Many features are often touted as “AI,” especially since the release of ChatGPT, but they are neural adaptive technologies that I refer to as autonomic intelligence, meaning that in animals, these types of brain activities happen autonomically, with little or no conscious cognitive processing.
Here are some of the ways generative AI may change meetings:
- Automated agenda development for project meetings. Based on the previous agenda, items including project plans, project output (with status reports), and the state of assigned tasks from previous meetings, should provide the basis for generative AI to create good agendas for meetings that focus on what is important to a project based on its description and intent, and what is important to attendees.
- Automated agenda development for non-project meetings. Non-project meetings will demonstrate generative AI’s strengths and weaknesses. From the strength perspective, generative AI will likely offer a suggested agenda for a wide range of meetings, from morale events to product kickoffs to large conferences. However, unlike project meetings that include a regular cadence of new content as input, a one-off meeting agenda may prove less aligned with an organizer’s vision without significant input to generative AI to describe intent and desire. It may remain easier for an organizer to create an agenda rather than describe the parameters for the meeting.
- Adaptive agendas. If a discussion veers a meeting away from the agenda, generative AI can adjust the agenda, perhaps by removing lower-priority items or moving topics to future meetings.
- Brainstorming and ideation. While this topic has its own feature under content creation, it is often an item on a meeting agenda. With virtual whiteboards and creative spaces, generative AI will offer brainstorming prompts, leverage existing ideas to suggest associated ideas that don’t appear, and will likely help organize virtual whiteboards, offering “clean-up” creative spaces on demand.
- Automated meeting minutes that include summaries of reports, links to referenced content, and attendee information. AI will likely also be able to generate outputs in different formats, for instance, producing a mind map of a meeting rather than a simple linear report out.
- Automated task assignments. Not only will generative AI identify action items, but it will also translate them into actions assigned to individuals in their task system of record.
- Inviting people to collaborate. While privacy and other restrictions may curtail this feature, ideally, AI will be able to identify subjects, topics and concepts across a variety of collaborative spaces, suggest synergies, and make introductions. This could help reduce duplication while also increasing serendipitous encounters. Group chats, team spaces, and persistent chat would benefit from this application of AI.
- Avatars are already available as replacements for video. AI will likely offer the ability for an AI surrogate to substitute for a person, within limits, answering questions of expertise and status. Personal AI models will also allow former employees, including deceased employees, to continue to contribute.
AI-based avatars will likely raise legal and ethical issues, but those will be worked through over the next several years, eventually leading to permission not only for the living employed to create models but for organizations to model employees and retain those models after their departure, much as they would any other data associated with a former employee.
Current AI features, such as transcription and translation, will continue to improve, forming the foundation for continuous learning as the outputs become not just historical artifacts or catch-up tools for those who missed a meeting; they will become part of the knowledge graph that improves the AI’s view of the organization, its activities and its people.

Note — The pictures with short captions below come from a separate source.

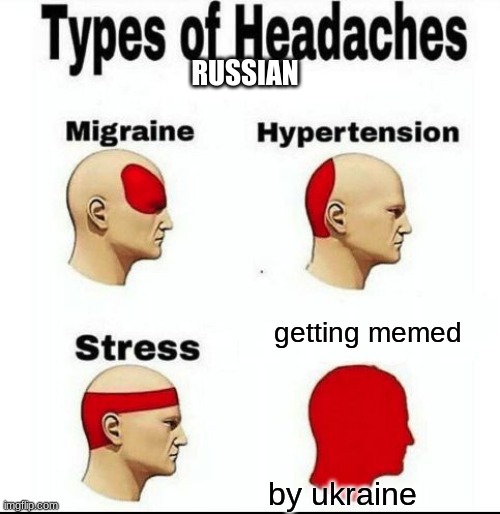 haha get memed | RUSSIAN; getting memed; by ukraine | image tagged in types of headaches meme | made w/ Imgflip meme maker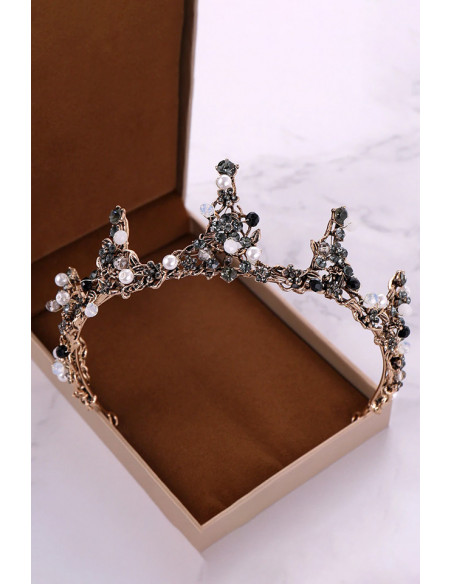 Tiara eleganta Willow Dryad, 7 varfuri cu ramuri impletite, cristale si margele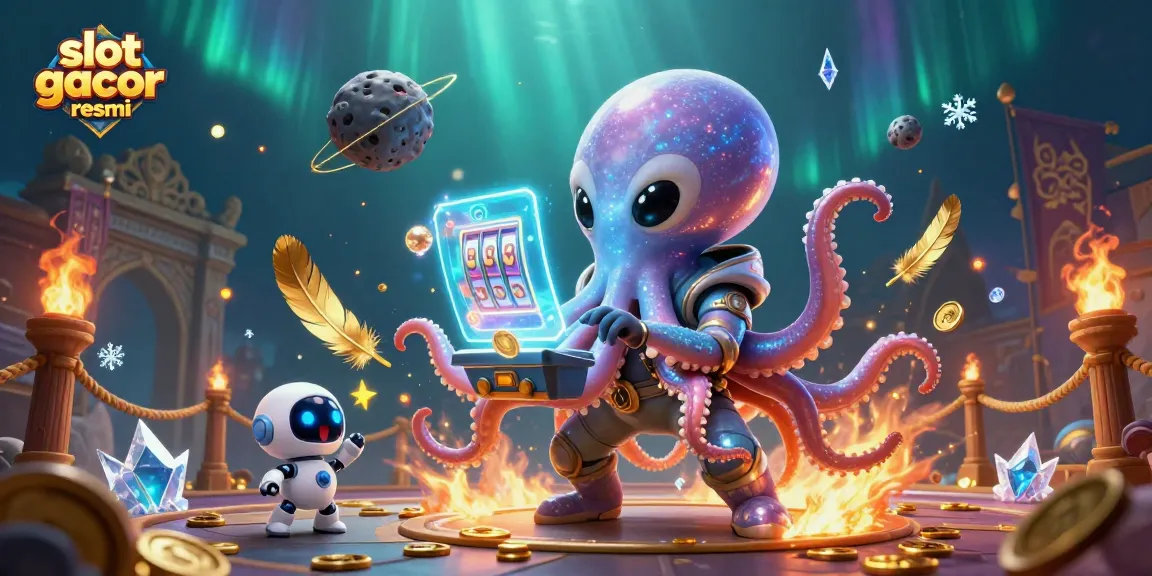 Gambarkan slot gacor resmi pada ilustrasi 3D dengan karakter unik dan suasana kasino yang meriah.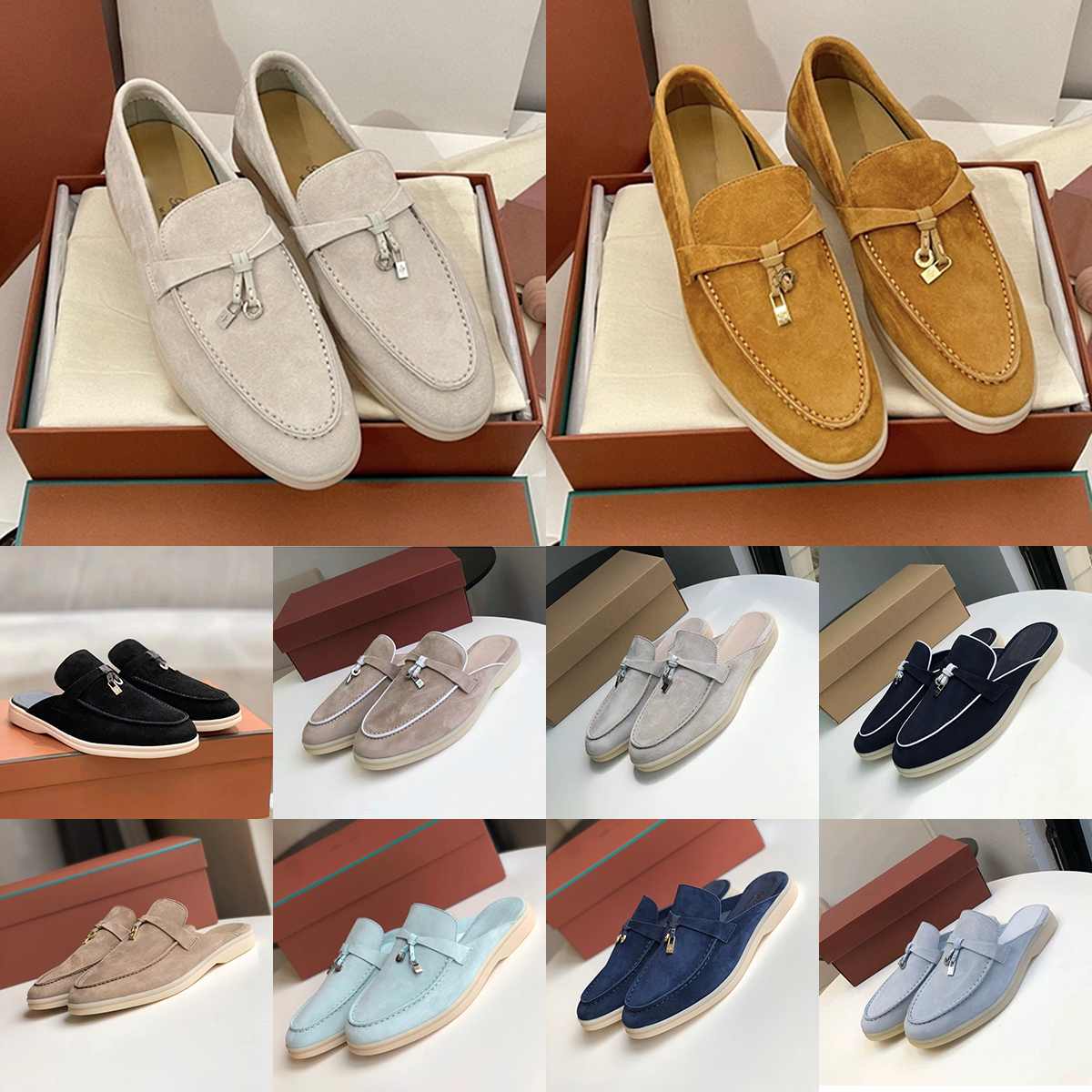 Top designer shoes Loafers Women Men Dress Shoes Luxury Fashion Business Cashmere Leather Flat Shoes Low Top Suede Cow Oxfords Casual moccasins loafers men shoes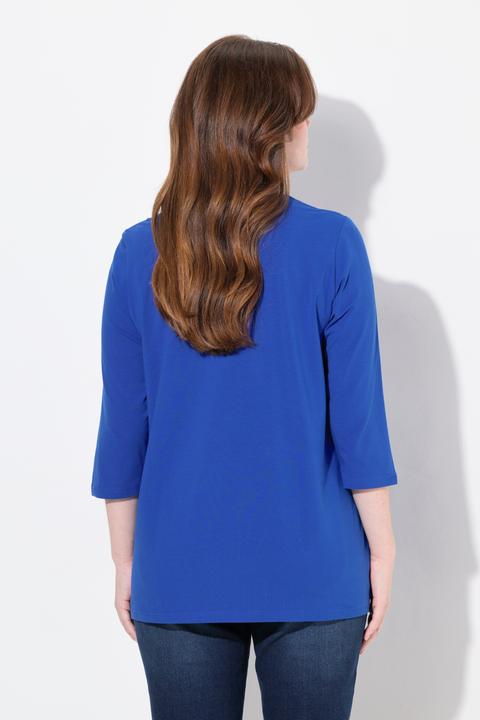 Immagine prodotto Ulla Popken Maglia dal taglio svasato con fiori, scollo a tunica e maniche a 3/4 (62)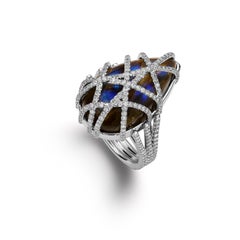 Pear Labradorite & Diamond Cage Criss-Cross Geometric Platinum Cocktail Ring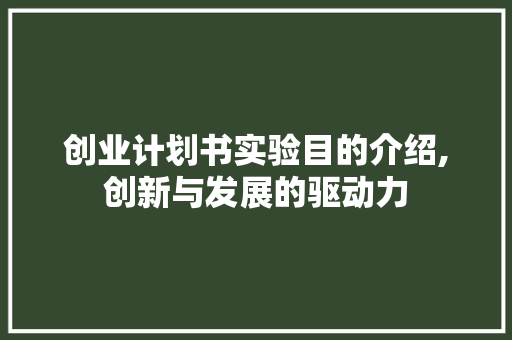 创业计划书实验目的介绍,创新与发展的驱动力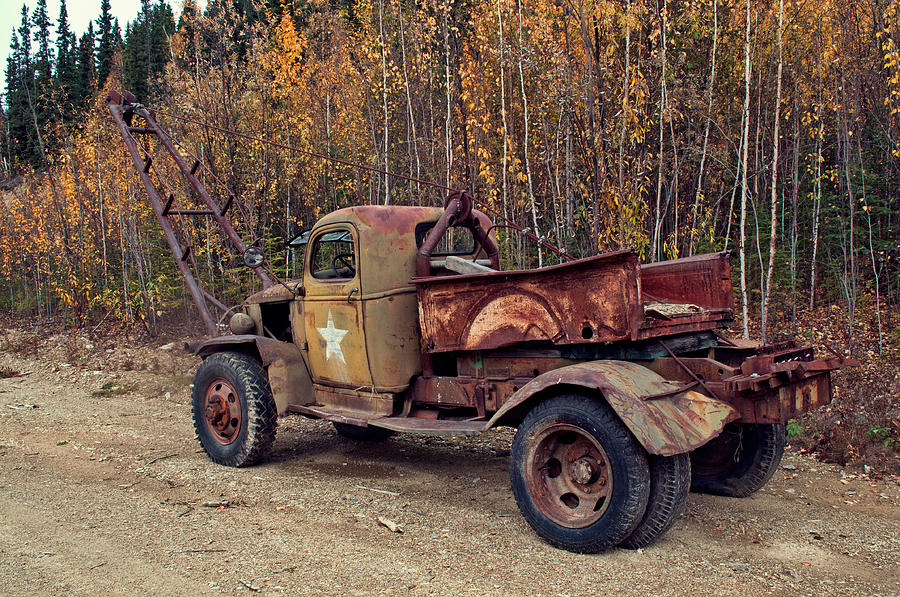 Fall Photograph - Retired Military Truck 2 by Cathy Mahnke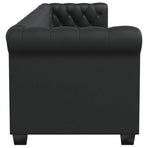 Chesterfield 3-Seater Artificial Leather Black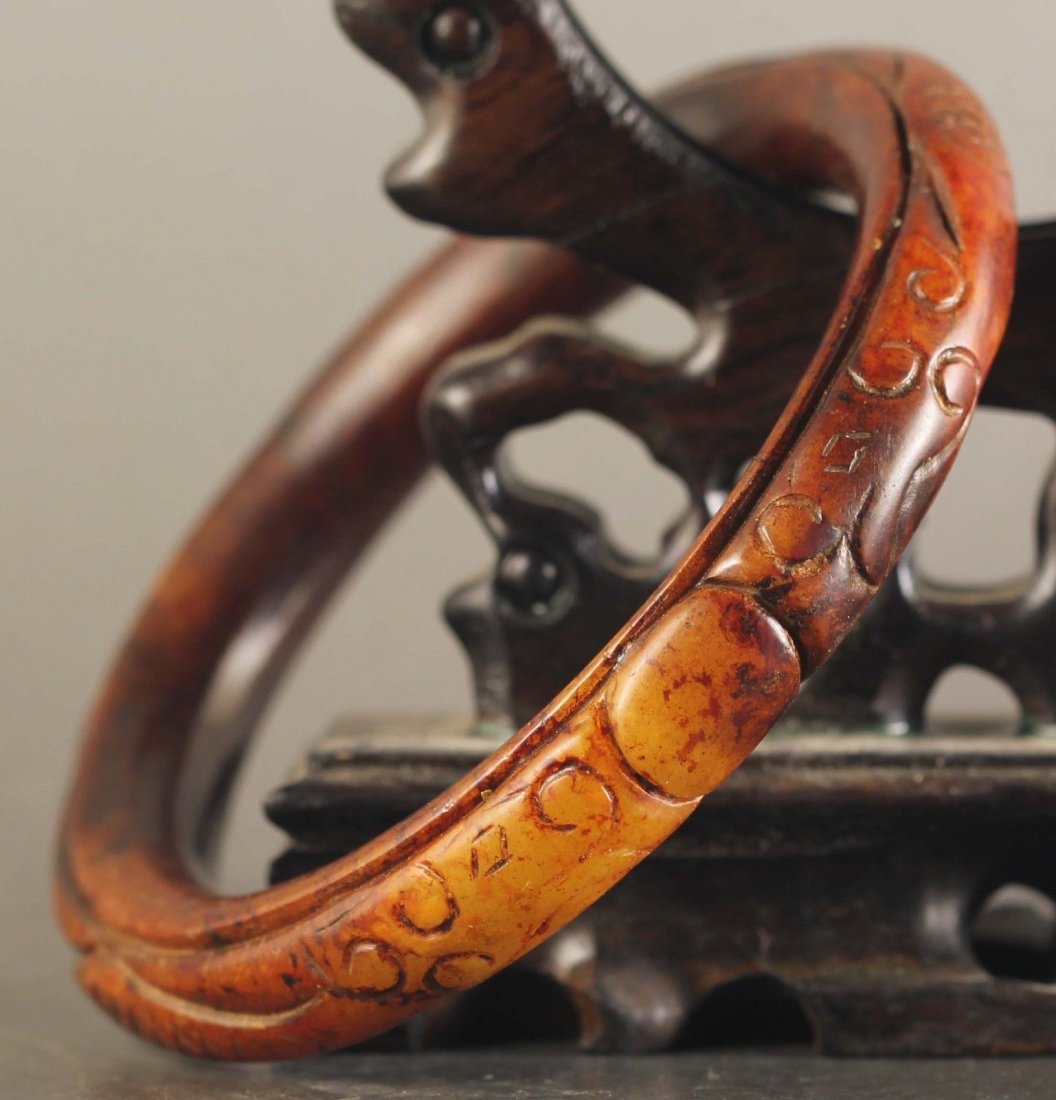Chinese old natural jade hand-carved Dragon Bangle (1 of 4)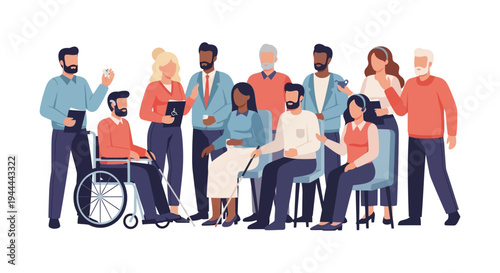 Inclusive Team Meeting: Diverse Professionals and People with Disabilities Collaborating, Emphasizing Accessibility, Equity, and Teamwork.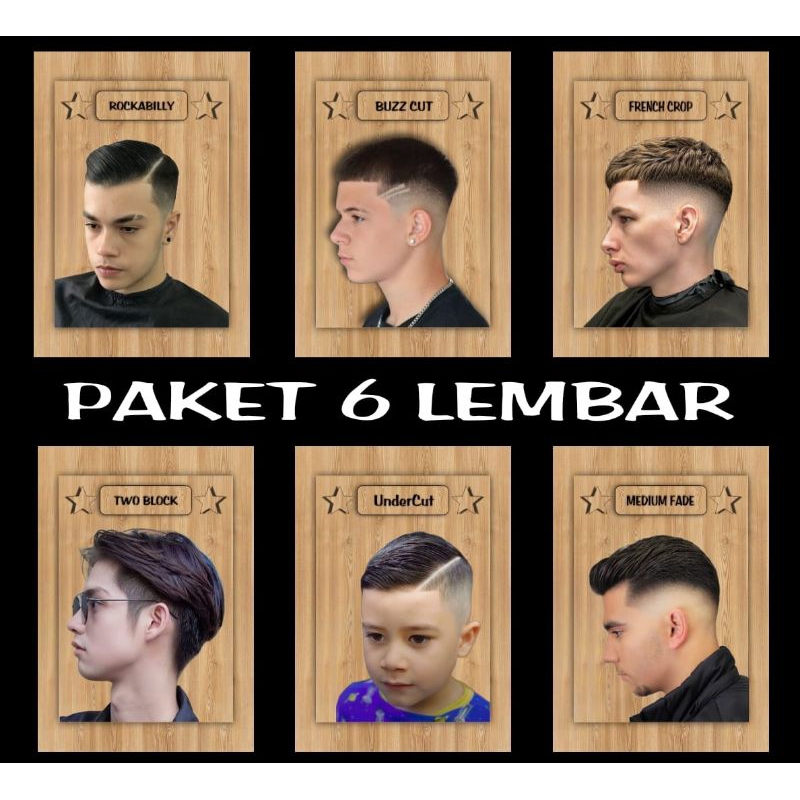 POSTER BARBERSHOP KAYU MDF HIASAN DINDING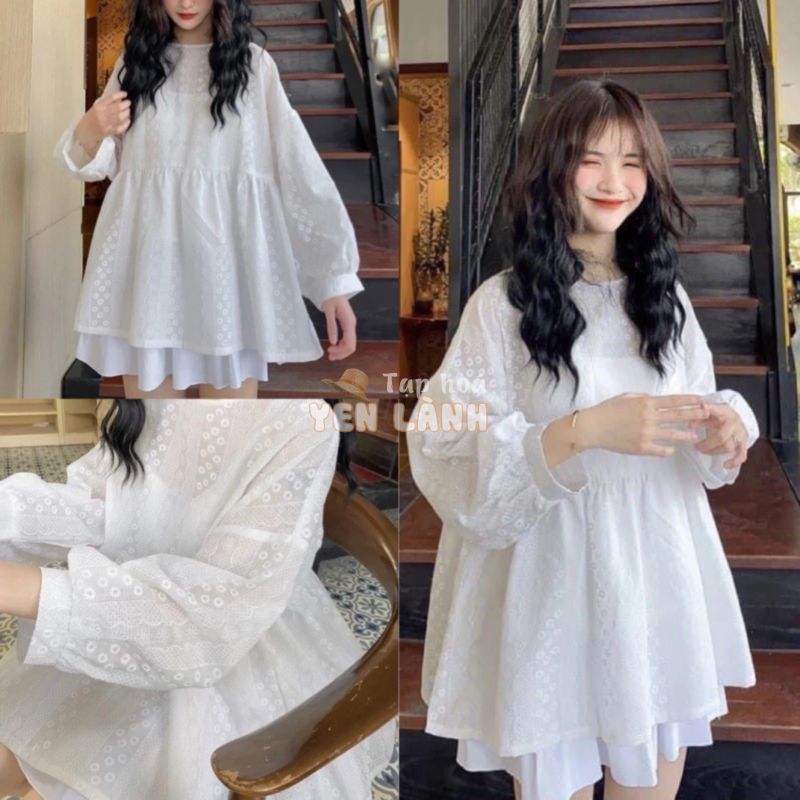 Áo babydoll nữ trắng hoa nhí tay phồng chất ren- áo tiểu thư from rộng phong cách hàn quốc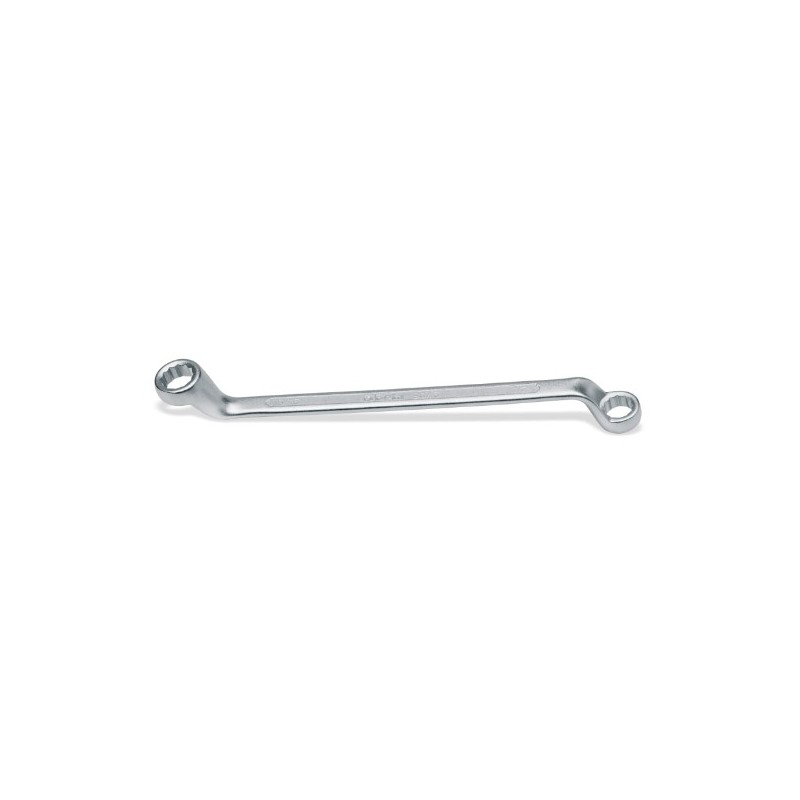 90AS 1.1/16X1.1/4 Llave de estrella acodada de dos bocas, cromada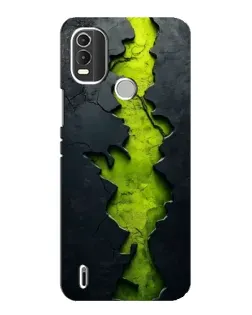 Чехол для Nokia C21 Plus с картинкой «Салатовый разлом скалы»
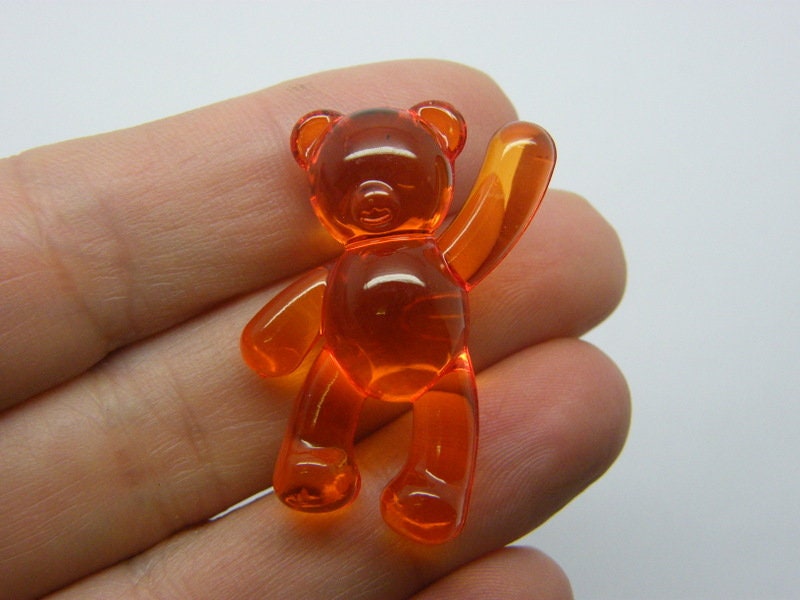 8 Teddy bear pendants or beads orange acrylic P700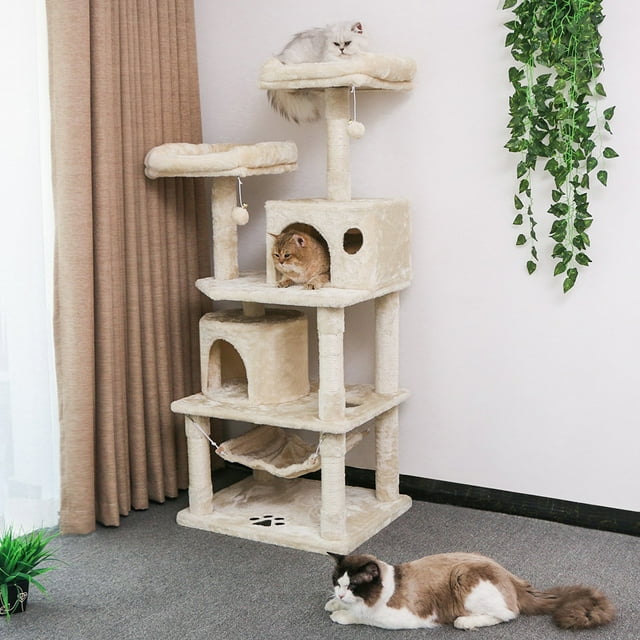 Topcobe 57.1" Multi-Level Cat Tree, Cat Tower, Car Activity Centre Cat Condo with Sisal-Covered Scratcher Slope, Scratching Posts, Plush Perches, Light Yellow
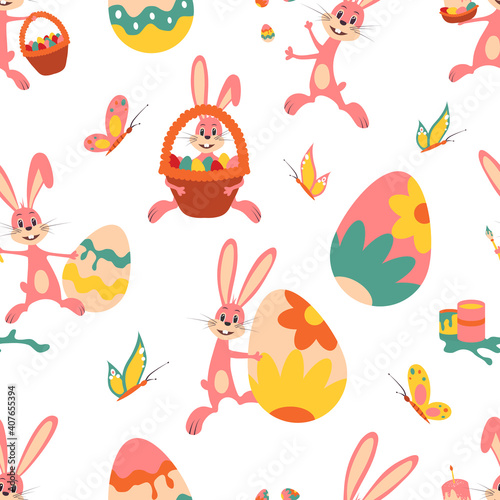 Easter bunny. Pattern. Vector illustration isolated on white background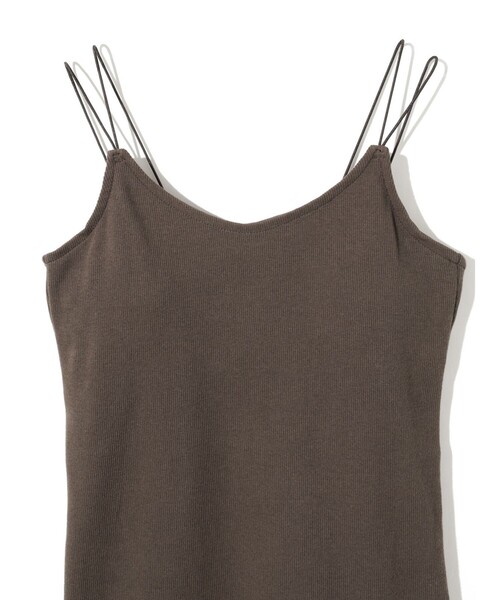 MIDIUMISOLID（ミディウミソリッド）の「MIDIUMISOLID for Ladies パッド入りキャミソール（Tシャツ/カットソー・レディース・ブラック/オフホワイト/ブラウン・FREE）」の13枚目の写真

The translation of transcriptions and their incorporation of audio, and perhaps other output like Braille or sign language, will make meeting activities more accessible.
Cooperative Content Development
Much of generative AI’s appeal starts and ends with content. It starts with content as the underpinning of its foundational models, and its output is often aimed at the creation of new documents. The following areas will adopt generative AI features, in most cases, completely transforming the experience from one of human creation through an application to co-creation with applications.
- Dynamic Content Generation. Generative AI empowers content creators by autonomously generating diverse forms of content, including text, images, and code. This capability will accelerate content creation processes, enabling creators to explore suggested ideas and incorporate them into various forms of content. Content creation will require appropriate prompts in order to generate contextually accurate content despite generative AIs’ semantic understanding. Without proper prompts, generative AI will be unable to ascertain the intent of the creators. User interfaces will likely emerge that manage content generation prompt parameters and controls.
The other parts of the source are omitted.